Das eröffnet eine ganz neue Perspektive: Im ersten Teil sahen wir, dass die seelische Verbundenheit mit anderen Subjekten eine ursprüngliche Erfahrung ist, unsere Isolation als einzelnes Ich in einer „Außenwelt“ dagegen ein sekundäres philosophisches Konstrukt.

Wenn nun bestimmte Menschen sich ganz natürlich und selbstverständlich mit Tieren verständigen können, so wie diese ja auch untereinander über Artgrenzen hinweg kommunizieren (der Warnruf der Amsel beispielsweise wird von vielen Vogelarten verstanden), so legt mir dies den Schluss nahe, dass auch die seelische Verbundenheit mit anderen Lebewesen das primäre Phänomen ist und keineswegs bloß ein naiver Animismus, zum Beispiel von Hunde- und Katzenfreunden.
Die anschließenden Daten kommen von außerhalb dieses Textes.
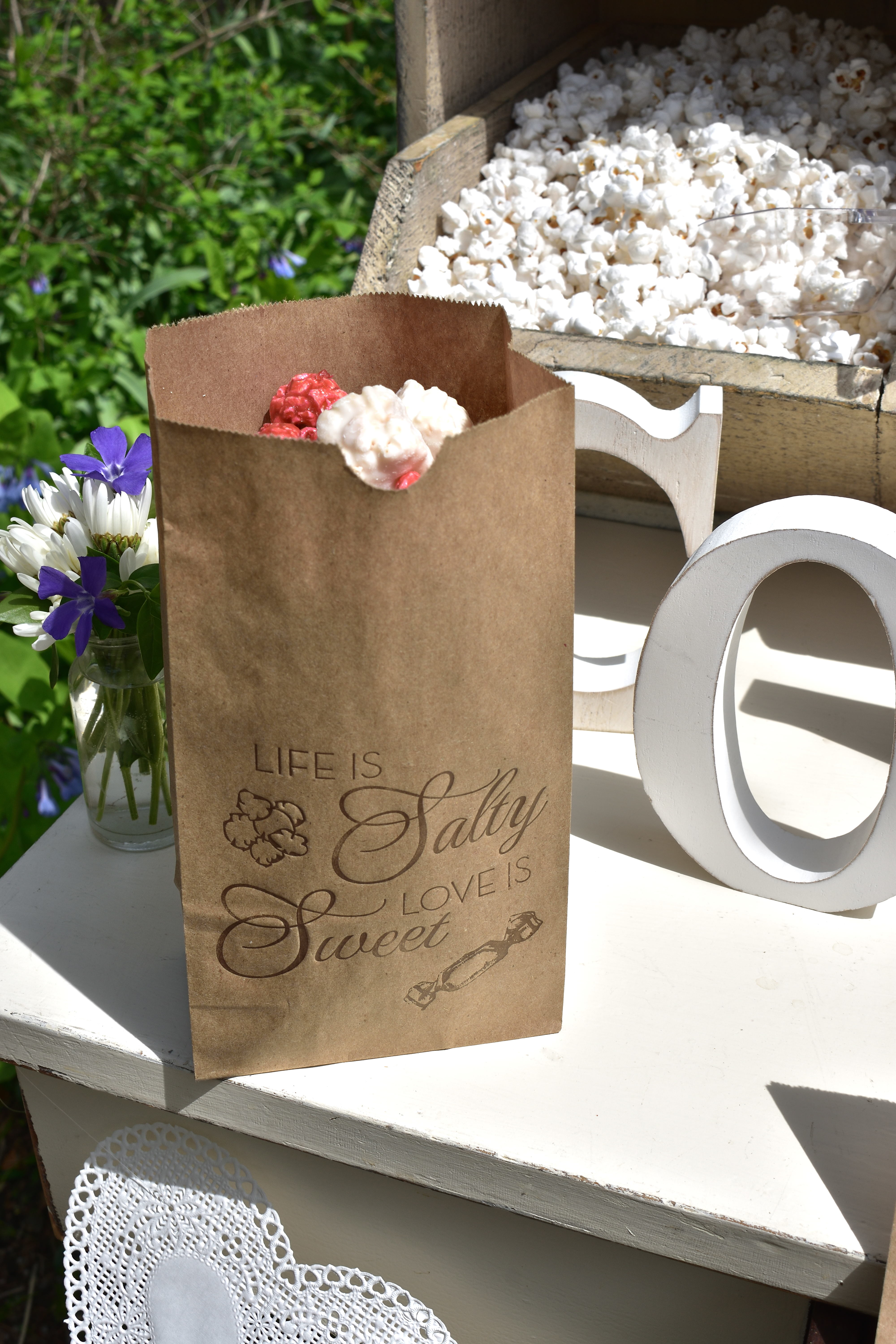 Wedding Gift Bag With Wedding Label Popcorn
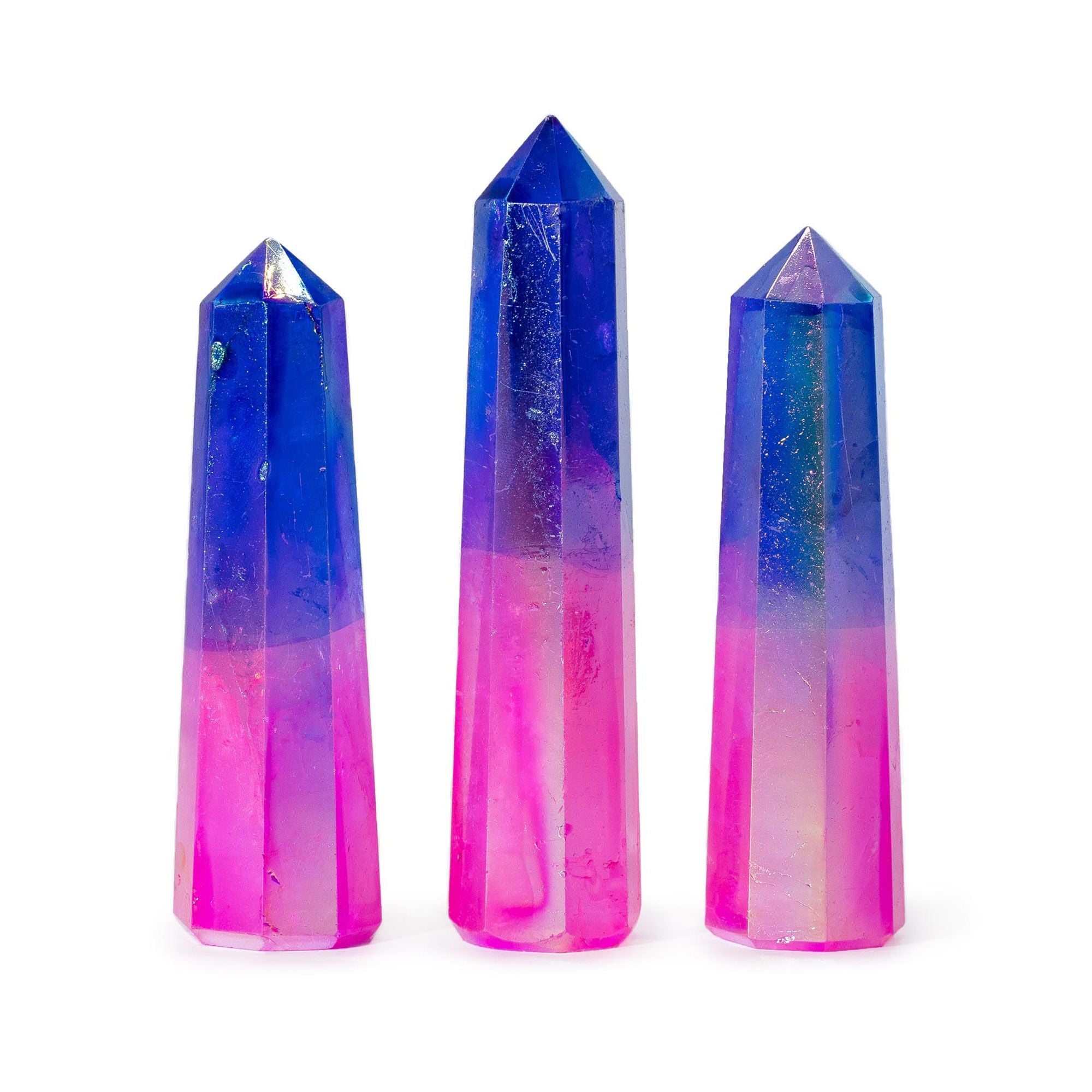Gemstone Obelisk Point approx 9cm - Aurura Crystal Quartz - Pink & Blue 🇬🇧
Eine subjektblinde Wissenschaft, die nur das seelenlose materielle Universum kennt, führt uns immer wieder in dieselben Aporien (das heißt: in ausweglose Widersprüche): Das ursprünglich Erfahrbare wird zunächst reduktionistisch wegdefiniert, dann scheitert man unausweichlich daran, es nachträglich als Folgeerscheinung der toten Materie zu erklären.

Beseelte Maschinen und entseelte Menschen?

Aus der „harmlosen“ Frage nach dem Hintergrund und dem Realitätsgehalt einiger literarischer (cineastischer) Fiktionen ist nicht nur eine Auseinandersetzung mit bestimmten Annahmen entstanden, die diesen zugrunde liegen;

sondern mehr noch eine Kritik an einem durch philosophische Scheinprobleme, Zirkel- oder Fehlschlüsse, „Abstraktionen“ im Sinne von reduktionistischen Verkürzungen, Verdinglichungen und Subjektvergessenheit geprägten modernen Weltbild;.

Ein Weltbild,
das den Menschen komplett verloren hat —
seinen Bezug auf sich selbst, das Subjekt, welches der Erkenntnisgrund der Welt ist, und den Geist, der ihr einen Sinn verleiht;
seine ursprüngliche Verbundenheit mit allen Menschen und mit allen Lebewesen —

ein Weltbild,
das ihn gleichsam körperlos von den Füßen auf den Kopf gestellt hat, reduziert auf die abstrakteste, dünnste und lebloseste seiner Begabungen —
die einzige, die er seinen Maschinen bislang hat beibringen können: das rechnende Verarbeiten von Daten.

Dieses Weltbild mündet in den Transhumanismus, der zum neuen Kult seelisch verarmter, entleibter, von allen sinngebenden Kreisläufen der Natur wie auch von aller Transzendenz und Spiritualität abgeschnittener Menschen geworden ist. Seelisch bereits tot, scheinen diese panische Angst vor dem ihnen noch verbleibenden physischen Tod, unserer so tröstlichen Endlichkeit zu haben.

Deshalb wollen sie ihm entkommen, indem sie sich einfrieren lassen oder sich als zeitloser Datensatz unsterblich machen — so als wollten sie den Tod, den sie fürchten, durch den Tod, dem sie huldigen, besiegen.